[Source material — start]

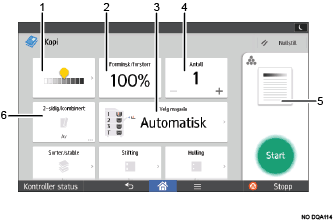Illustrasjon av betjeningspanelet med nummererte bildetekster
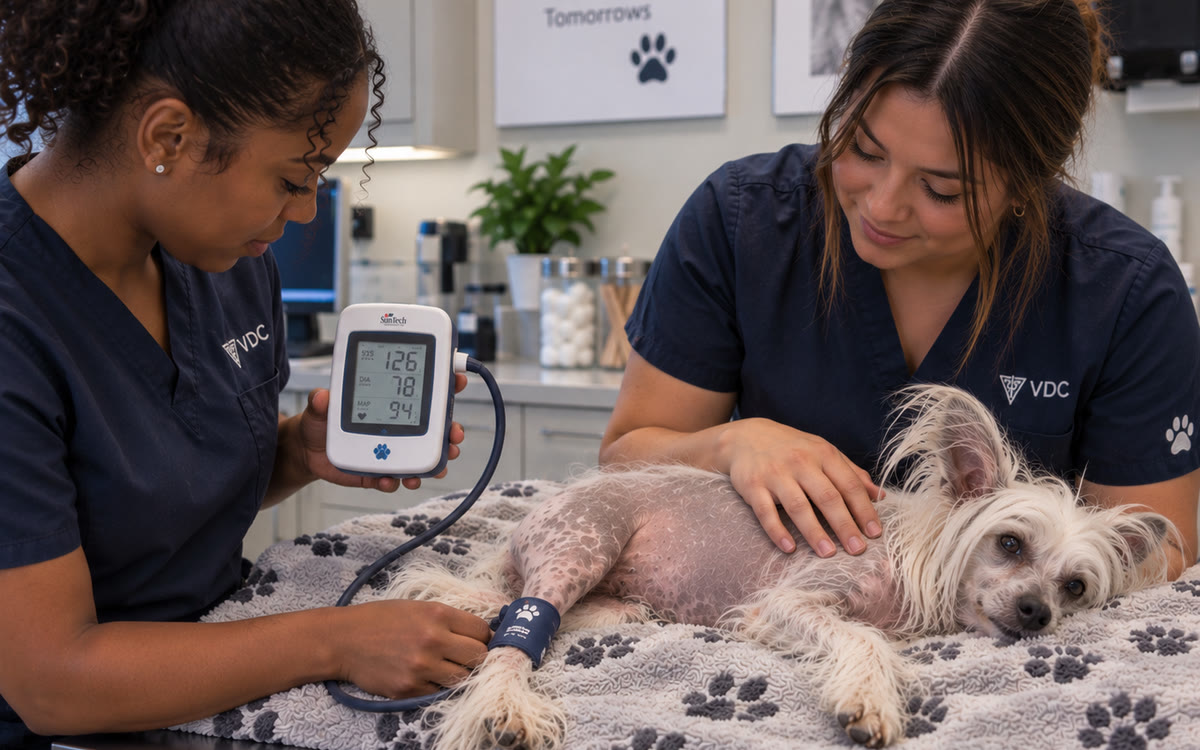 A small dog having its blood pressure measured on the exam table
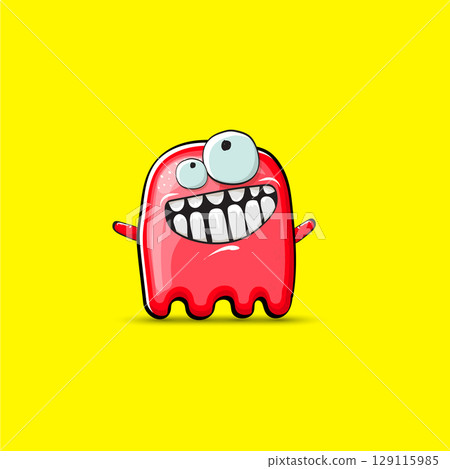 Funny cute smiling red ghost monster isolated on yellow background. Hand drawn cartoon red ghost character with eyes and mouth , cute emoji. Funky Halloween spirit element. Funny cute smiling red ghost monster isolated on yellow background. Hand drawn cartoon red ghost character with eyes and mouth , cute emoji. Funky Halloween spirit element. 129115985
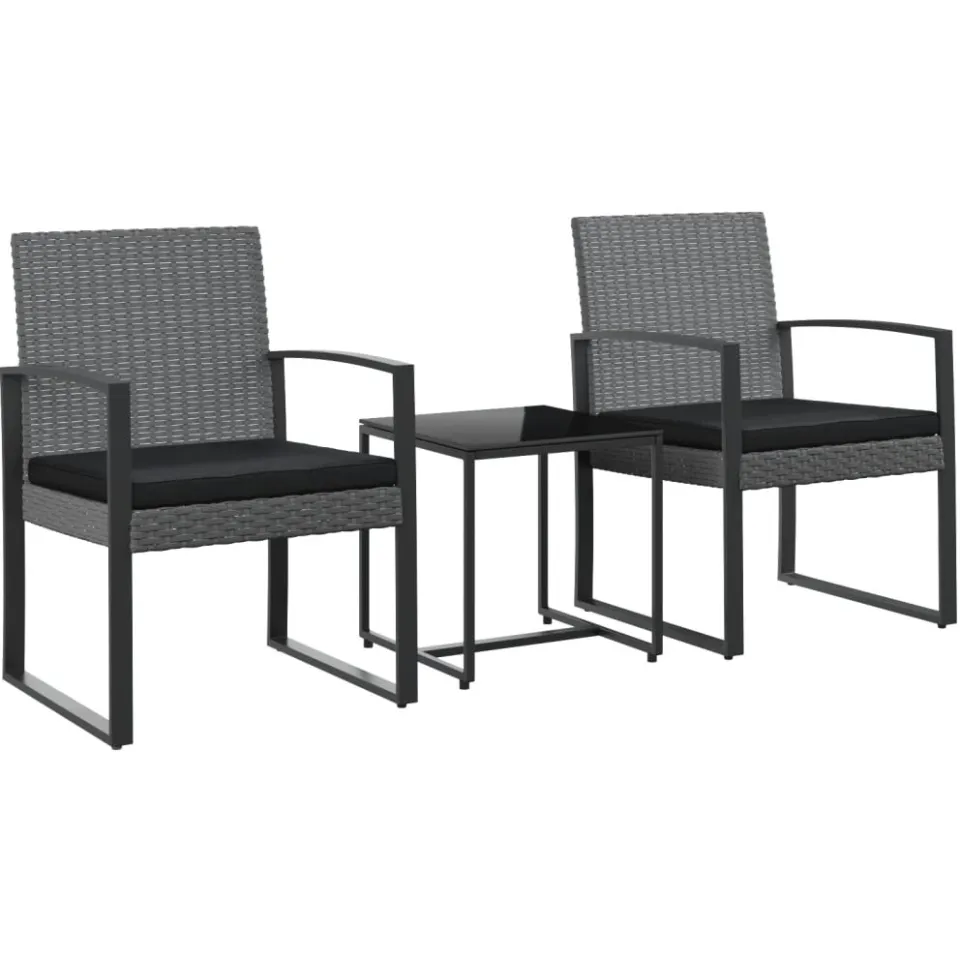 vidaXL 3-delige Tuinset met kussens polypropeen rattan donkergrijs grijs, foto 3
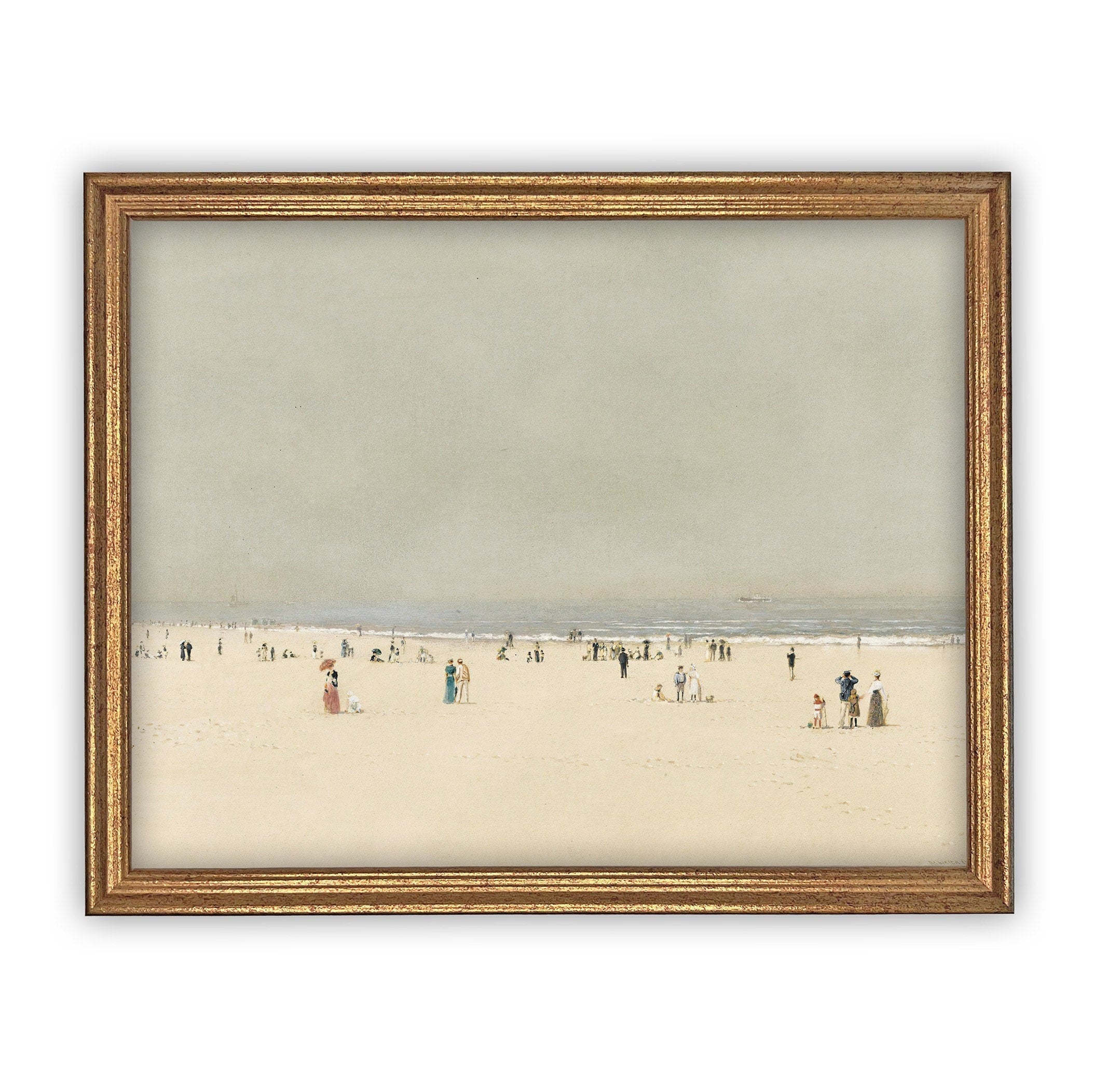 READY to SHIP 11X14 Vintage Framed Canvas Art // Vintage Framed Oil Painting // Coastal Beach Art // Beach House Print // #COAS-196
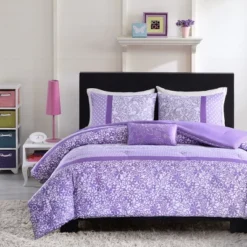 Mi Zone Angela Comforter Set Purple -Cozy Bedding Home GUEST 6edd28db 9106 4ffc a661 0349f705e037
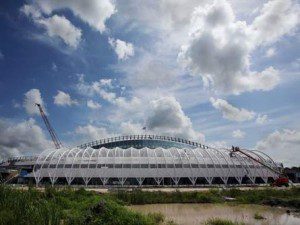 Florida Polytechnic University is under construction near the corner of Interstate 4 and the eastern leg of the Polk Parkway in Lakeland. The site of the university covers 170.5 acres.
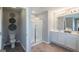Spacious bathroom with double vanity, walk-in shower, and separate toilet area at 2276 Waycross Ln # 21, Dacula, GA 30019
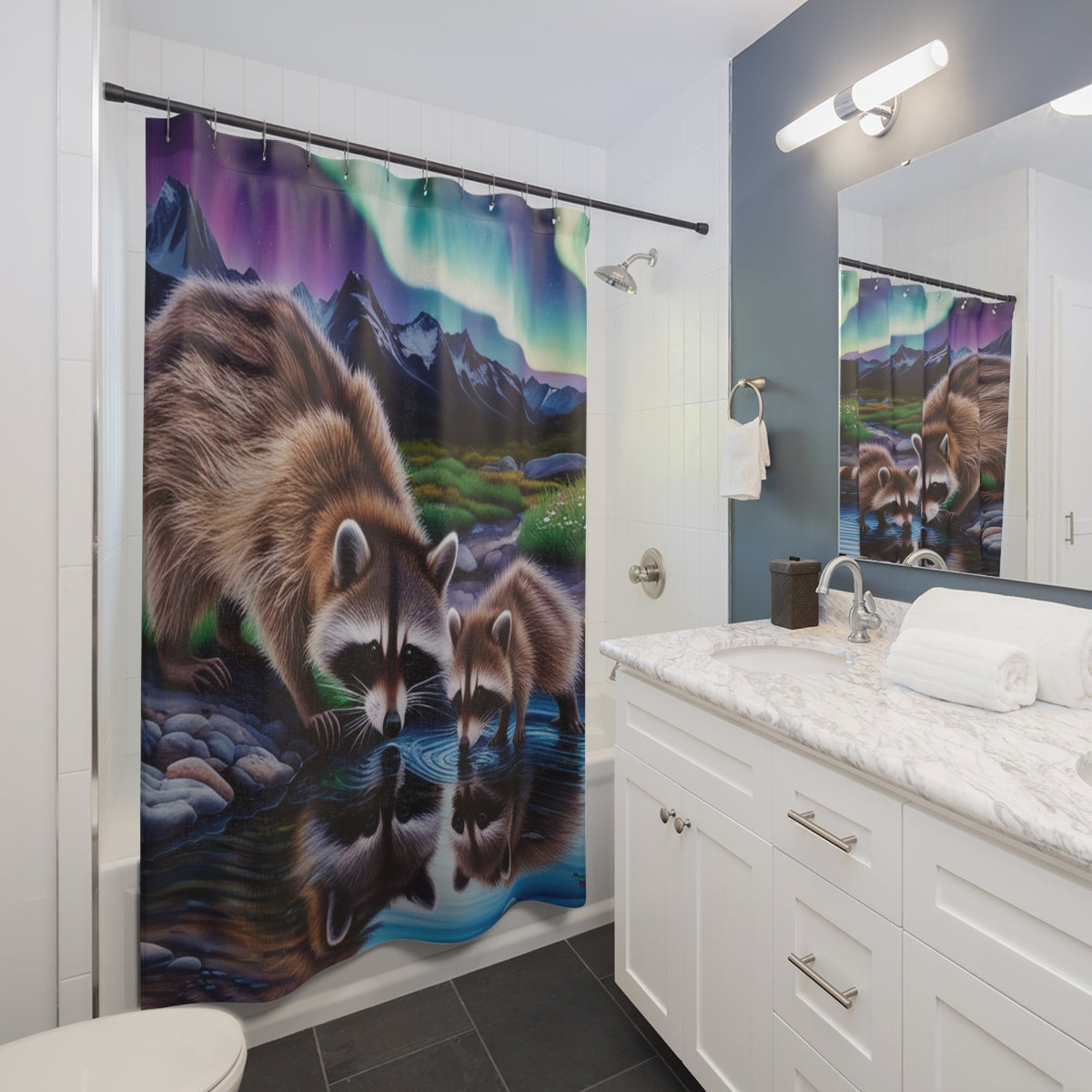 Raccoon Reflections Shower Curtain — Northern Lights Wildlife Bathroom Decor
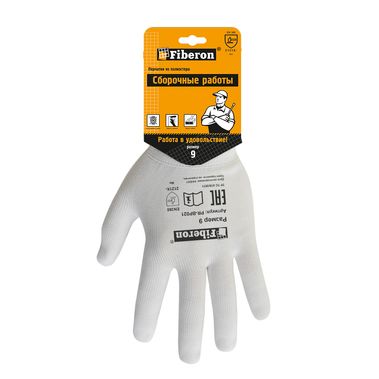 Перчатки Для сборочных работ, р.9 (L) белые (полиэстер)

[Source material — finish]

◆ **Exercise requirements**: In the listing above, find the line with "spirit element. 129115985" and the line with "vidaXL 3-delige Tuinset". Output both, plus every line between them, and no pictures.

◆ **Problem solution**:
 Funny cute smiling red ghost monster isolated on yellow background. Hand drawn cartoon red ghost character with eyes and mouth , cute emoji. Funky Halloween spirit element. Funny cute smiling red ghost monster isolated on yellow background. Hand drawn cartoon red ghost character with eyes and mouth , cute emoji. Funky Halloween spirit element. 129115985
 vidaXL 3-delige Tuinset met kussens polypropeen rattan donkergrijs grijs, foto 3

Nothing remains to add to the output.